Der Einfluss der Politik auf den ORF ist keine Erfindung der ÖVP. Er ist per Gesetz vorgesehen. Anstöße, ihn zu reduzieren, kommen immer nur von Parteien, die gerade nicht davon profitieren. Der ORF ist eines der Tortenstücke, die nach einer Nationalratswahl an die Sieger verteilt werden, egal, welcher Couleur. Die derzeitige Konstellation ist besonders problematisch. Die türkise ÖVP, die Partei der "Message Control", hat schon mehrfach gezeigt, dass sie auf Pluralität und Meinungsvielfalt keinen Wert legt. Höchste Priorität hat die Durchsetzung der eigenen Machtinteressen. Wächst ihr Einfluss auf den ORF weiter, ist das ein Grund zu großer Sorge. Nicht nur für die professionellen Kassandras, die Rufer im Wald und ORF-Besorgten von Berufs wegen (die, wären die politischen Vorzeichen andere, weitaus weniger besorgt wären), sondern für alle Österreicherinnen und Österreicher, denen der ORF angeblich gehört bzw. zu dessen Finanzierung sie zwangsweise per Gebühr beitragen.

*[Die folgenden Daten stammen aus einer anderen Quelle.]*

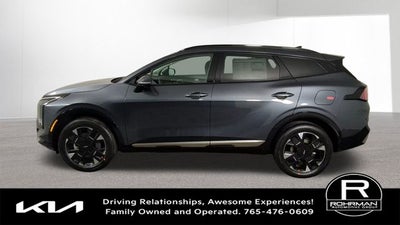 2026 Kia Sportage Hybrid SX-Prestige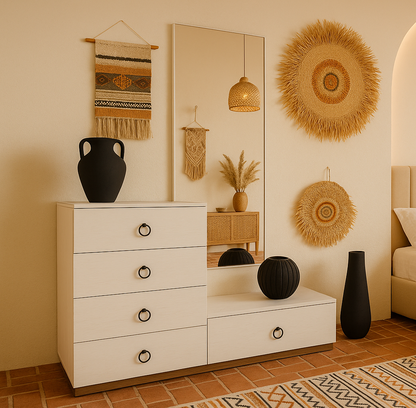 Alba Master Bedroom (With Dressing)
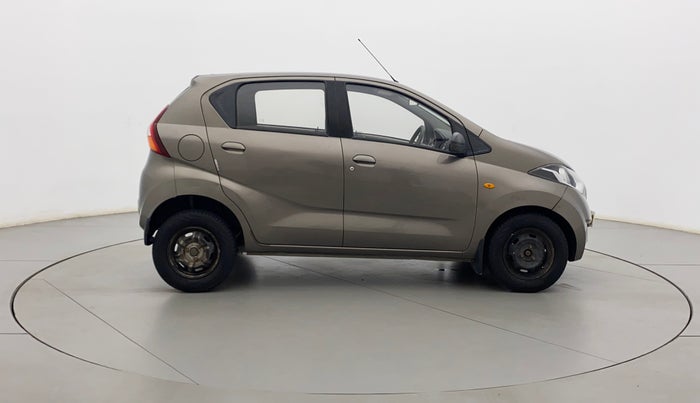 2016 Datsun Redi Go T (O), Petrol, Manual, 68,601 km, Right Side View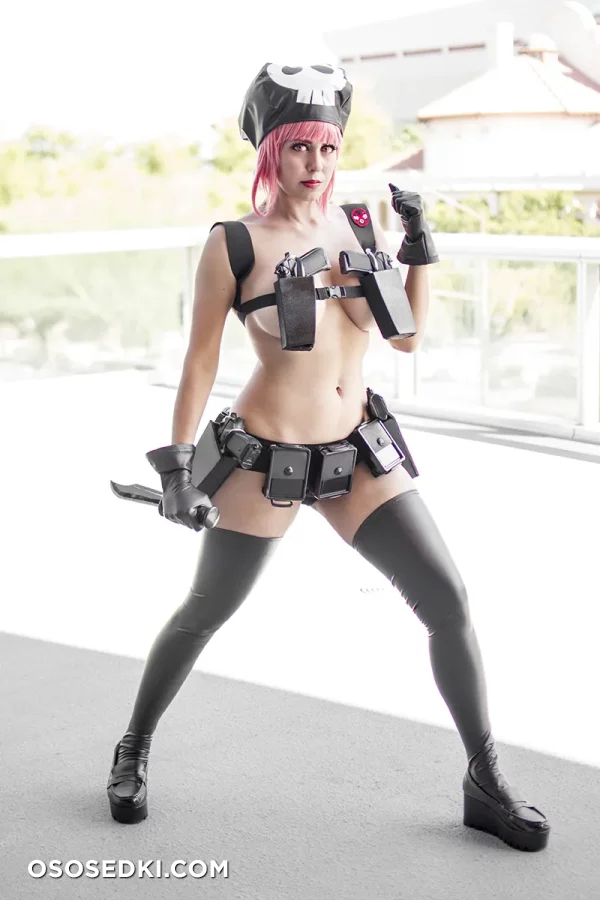 Khainsaw  Kama Bree - Nonon Jakuzure - Kill La Kill - 1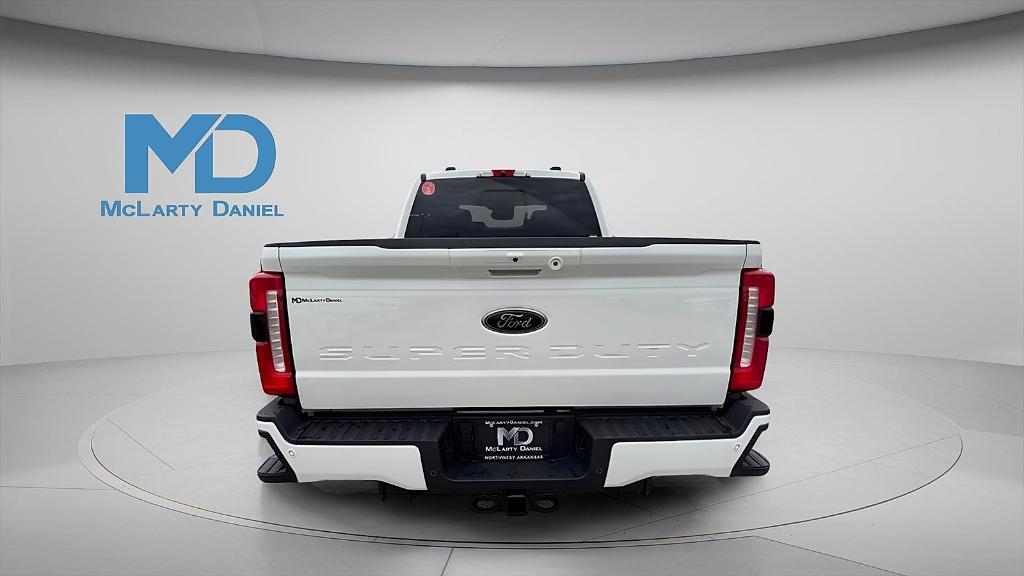 new 2025 Ford F-350 car, priced at $79,619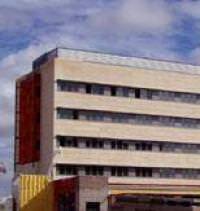 Отель NH Alcorcón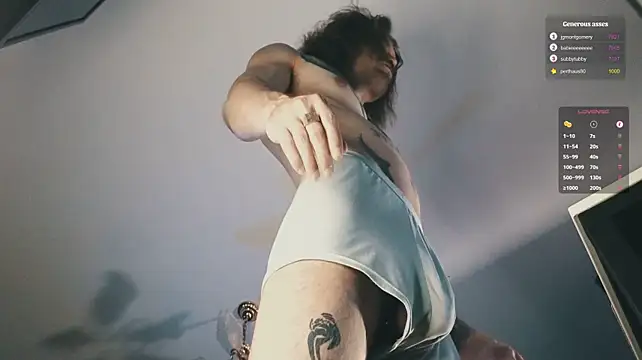 TechnoJesus webcam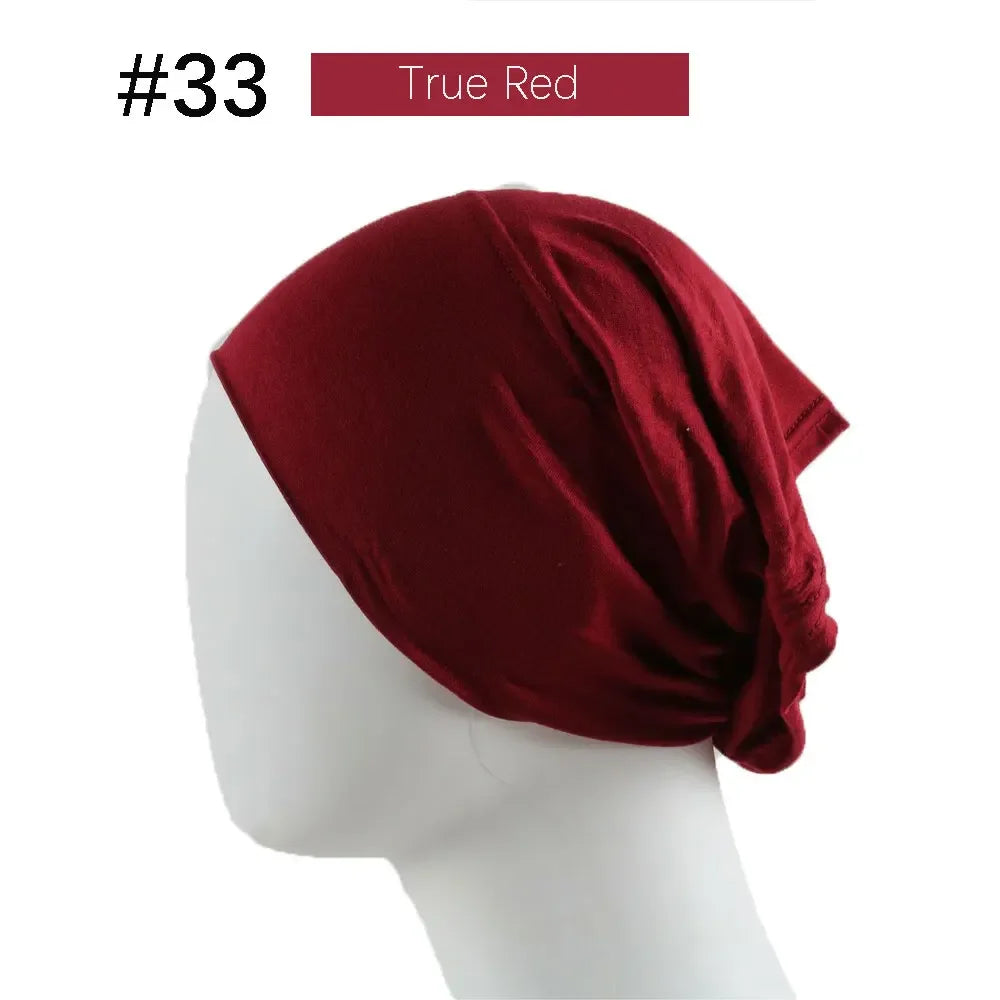 CowLost | inner-hijab-caps-muslim-underscarf-bonnet |67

Als die türkis-blaue Regierung 2017 an die Macht kam, geriet das Unternehmen unter blauen Dauerbeschuss. Man konnte richtig zuschauen, wie sich die Prämissen änderten. War der ORF vorher zu rot gewesen? Vielleicht. War er nach der Kopfwäsche türkis-blau genug? Schwer zu sagen. Sind diese Kategorien fehl am Platz? Ganz sicher. Es gibt international anerkannte Gütekriterien für Medienunternehmen. Unabhängigkeit und Äquidistanz zu den Mächtigen bilden den Boden, auf dem eine öffentlich-rechtliche Rundfunkanstalt sicher steht. Nur dann haben auch die "Eigentümer" was davon. Bestmögliche, unzensierte und umfassende Information z. B., die hilft, eigene Lebensentscheidungen besser treffen zu können und das Land im Sinne aller und nicht nur einiger Cliquen weiterzuentwickeln.

Spilled Milk, wie der Brite zu sagen pflegt. Egal, wie es am Dienstag ausgeht, das alte System wird gewonnen haben. Aber das Publikum hat sich erneuert. Es ist heute viel leichter geworden, Inszenierungen zu hinterfragen und Informationsflüsse zu vergleichen. Es kann einem keiner vorschreiben, so blöd zu sein, für wie man verkauft wird.